Database Internals & Storage · Topic 118

Index persistence: Loading indexes from disk

Index persistence means writing the in-memory index (e.g. HNSW graph, IVF centroids and lists) to disk so that after a restart the vector database can load it instead of rebuilding from scratch. Loading from disk avoids long warm-up and restores search capability quickly. This topic covers how persistence works, load pipeline, and trade-offs.

Summary

Index (e.g. HNSW, IVF) is written to disk; on restart the VDB loads it instead of rebuilding—avoids long warm-up and restores search quickly.
Serialized format mirrors in-memory layout: graph edges, vector IDs, optionally raw vectors or PQ codes. Startup: read files (often mmap for vectors), reconstruct index, optionally replay WAL for updates after checkpoint.
Format may be versioned; upgrades can require migration or rebuild. Load time depends on size and I/O; very large indexes may take minutes. Makes in-memory or hybrid VDBs durable and restart-friendly.
Trade-off: fast recovery and no rebuild vs. format versioning and load time for very large indexes.
Practical tip: schedule checkpoints so WAL replay after load is bounded; use mmap when possible to become queryable before full load.

How index persistence works

The index is typically serialized in a format that mirrors its in-memory layout: graph edges, vector IDs, and optionally raw vectors (or codes for PQ). On startup, the VDB reads these files (and often uses mmap for the vector data), reconstructs the graph or lists, and optionally replays the WAL to apply updates that happened after the last checkpoint. That gives a consistent, queryable index without a full rebuild.

Pipeline: checkpoint/snapshot → serialize index and vector files to disk; on restart → read index files, mmap or load vectors, reconstruct in-memory structures → replay WAL from checkpoint to present → serve. With mmap, the process can accept queries while the OS pages in the rest of the data.

Trade-offs and operational notes

Trade-offs: persisted index format may be versioned; upgrades can require migration or rebuild. Loading time depends on index size and I/O; very large indexes may still take minutes. Persistence is what makes in-memory or hybrid VDBs durable and restart-friendly while keeping query path in RAM.

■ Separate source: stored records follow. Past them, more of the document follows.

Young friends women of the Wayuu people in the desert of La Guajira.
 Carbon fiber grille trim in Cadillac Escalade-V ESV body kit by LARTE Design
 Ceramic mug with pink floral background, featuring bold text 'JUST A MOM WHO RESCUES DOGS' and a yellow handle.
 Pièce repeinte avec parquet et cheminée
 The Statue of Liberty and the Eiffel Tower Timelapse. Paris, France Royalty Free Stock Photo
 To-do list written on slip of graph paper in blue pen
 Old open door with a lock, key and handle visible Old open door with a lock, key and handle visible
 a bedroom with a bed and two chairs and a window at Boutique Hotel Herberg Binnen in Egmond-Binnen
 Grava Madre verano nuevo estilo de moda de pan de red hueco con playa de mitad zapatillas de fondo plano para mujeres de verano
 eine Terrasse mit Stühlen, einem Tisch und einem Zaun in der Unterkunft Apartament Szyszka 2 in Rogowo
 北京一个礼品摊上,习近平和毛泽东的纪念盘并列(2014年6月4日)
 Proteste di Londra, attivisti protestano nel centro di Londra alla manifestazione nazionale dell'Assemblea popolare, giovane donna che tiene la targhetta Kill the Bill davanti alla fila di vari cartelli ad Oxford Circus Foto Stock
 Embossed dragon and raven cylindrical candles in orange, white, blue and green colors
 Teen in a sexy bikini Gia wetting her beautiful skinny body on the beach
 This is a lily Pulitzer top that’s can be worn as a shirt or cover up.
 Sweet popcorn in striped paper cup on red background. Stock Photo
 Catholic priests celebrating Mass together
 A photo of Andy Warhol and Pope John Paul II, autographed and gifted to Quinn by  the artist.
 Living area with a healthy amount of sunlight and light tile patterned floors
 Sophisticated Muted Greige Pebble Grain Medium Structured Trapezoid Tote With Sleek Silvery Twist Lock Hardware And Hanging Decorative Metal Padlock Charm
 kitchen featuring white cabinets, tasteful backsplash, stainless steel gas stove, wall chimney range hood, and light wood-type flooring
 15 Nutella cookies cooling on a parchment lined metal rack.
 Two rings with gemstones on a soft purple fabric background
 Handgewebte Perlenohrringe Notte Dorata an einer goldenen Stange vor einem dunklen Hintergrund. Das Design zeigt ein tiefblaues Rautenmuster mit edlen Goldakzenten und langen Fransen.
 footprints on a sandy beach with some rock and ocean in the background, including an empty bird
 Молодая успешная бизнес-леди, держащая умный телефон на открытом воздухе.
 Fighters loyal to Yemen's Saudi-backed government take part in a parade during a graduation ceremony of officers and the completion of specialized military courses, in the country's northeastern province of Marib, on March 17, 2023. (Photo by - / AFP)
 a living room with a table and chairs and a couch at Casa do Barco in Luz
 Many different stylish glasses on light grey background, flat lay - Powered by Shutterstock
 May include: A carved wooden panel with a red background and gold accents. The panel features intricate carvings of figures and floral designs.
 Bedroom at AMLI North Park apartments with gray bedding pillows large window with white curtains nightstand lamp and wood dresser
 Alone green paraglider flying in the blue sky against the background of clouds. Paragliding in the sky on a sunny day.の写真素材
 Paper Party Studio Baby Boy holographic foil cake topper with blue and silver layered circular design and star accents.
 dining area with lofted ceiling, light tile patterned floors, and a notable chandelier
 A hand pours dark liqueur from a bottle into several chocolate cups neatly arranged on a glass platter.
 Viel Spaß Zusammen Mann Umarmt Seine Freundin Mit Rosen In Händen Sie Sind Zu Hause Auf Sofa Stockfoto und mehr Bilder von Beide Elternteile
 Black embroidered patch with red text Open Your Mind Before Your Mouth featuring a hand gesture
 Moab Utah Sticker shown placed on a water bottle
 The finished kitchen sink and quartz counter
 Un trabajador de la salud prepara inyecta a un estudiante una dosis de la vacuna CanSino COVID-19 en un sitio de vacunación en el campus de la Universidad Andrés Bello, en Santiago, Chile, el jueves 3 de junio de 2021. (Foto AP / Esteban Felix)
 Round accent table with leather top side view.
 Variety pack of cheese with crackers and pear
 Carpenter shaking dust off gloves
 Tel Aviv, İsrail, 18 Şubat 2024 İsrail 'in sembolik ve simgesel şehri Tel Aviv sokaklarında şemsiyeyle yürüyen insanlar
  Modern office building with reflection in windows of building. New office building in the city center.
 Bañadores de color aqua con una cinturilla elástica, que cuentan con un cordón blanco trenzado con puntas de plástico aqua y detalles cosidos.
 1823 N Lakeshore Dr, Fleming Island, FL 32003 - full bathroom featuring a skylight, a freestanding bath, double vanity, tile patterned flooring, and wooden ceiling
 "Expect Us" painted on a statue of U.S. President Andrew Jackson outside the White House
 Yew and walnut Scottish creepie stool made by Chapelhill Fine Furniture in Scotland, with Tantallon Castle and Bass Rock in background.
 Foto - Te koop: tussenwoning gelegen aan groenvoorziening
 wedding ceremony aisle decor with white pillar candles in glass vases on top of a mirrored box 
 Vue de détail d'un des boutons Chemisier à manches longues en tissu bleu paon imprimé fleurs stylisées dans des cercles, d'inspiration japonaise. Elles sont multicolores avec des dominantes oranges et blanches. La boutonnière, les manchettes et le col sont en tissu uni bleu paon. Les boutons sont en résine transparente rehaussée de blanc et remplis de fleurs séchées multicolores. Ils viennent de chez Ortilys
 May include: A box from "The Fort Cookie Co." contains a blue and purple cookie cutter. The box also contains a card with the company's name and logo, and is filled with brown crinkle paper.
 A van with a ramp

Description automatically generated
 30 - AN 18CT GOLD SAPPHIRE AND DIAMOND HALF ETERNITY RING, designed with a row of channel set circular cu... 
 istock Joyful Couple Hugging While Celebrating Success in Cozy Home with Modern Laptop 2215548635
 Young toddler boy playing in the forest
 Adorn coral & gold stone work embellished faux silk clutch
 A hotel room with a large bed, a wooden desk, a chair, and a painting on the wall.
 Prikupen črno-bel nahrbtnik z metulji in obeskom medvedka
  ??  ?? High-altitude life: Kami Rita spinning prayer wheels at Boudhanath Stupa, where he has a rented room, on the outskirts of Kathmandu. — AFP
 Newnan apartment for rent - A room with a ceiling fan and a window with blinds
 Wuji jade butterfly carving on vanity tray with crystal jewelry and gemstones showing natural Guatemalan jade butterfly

Practical tip: align checkpoint frequency with WAL size so that replay after load is short; for very large indexes, expect load time in the minutes and plan for rolling restarts or standby replicas if you need high availability.

Frequently Asked Questions

When is the index written to disk?

On checkpoint or snapshot: after a flush of the WAL (or periodically), the engine serializes the current index state to disk. Some systems do this on graceful shutdown or on a schedule; see your vendor’s persistence and snapshot docs.

Do I need to replay WAL after loading?

If there were writes after the last checkpoint, yes. The persisted index reflects the state at checkpoint time; replaying the WAL applies those later updates so the loaded index is up to date. Without replay, you’d be at the checkpoint state only.

How long does loading take?

Depends on index size and I/O. With mmap, the OS can page in data on demand so the process may become queryable quickly while the rest loads in the background. Full load of a very large index can take minutes. Compare to warm-up time when rebuilding from scratch.

Can I load an index from a backup?

Yes, if the backup includes the persisted index files (and any vector files). Restore those to the expected paths and start the VDB; it will load from disk. You may need to replay WAL from the backup if you want point-in-time recovery. See snapshotting and backup.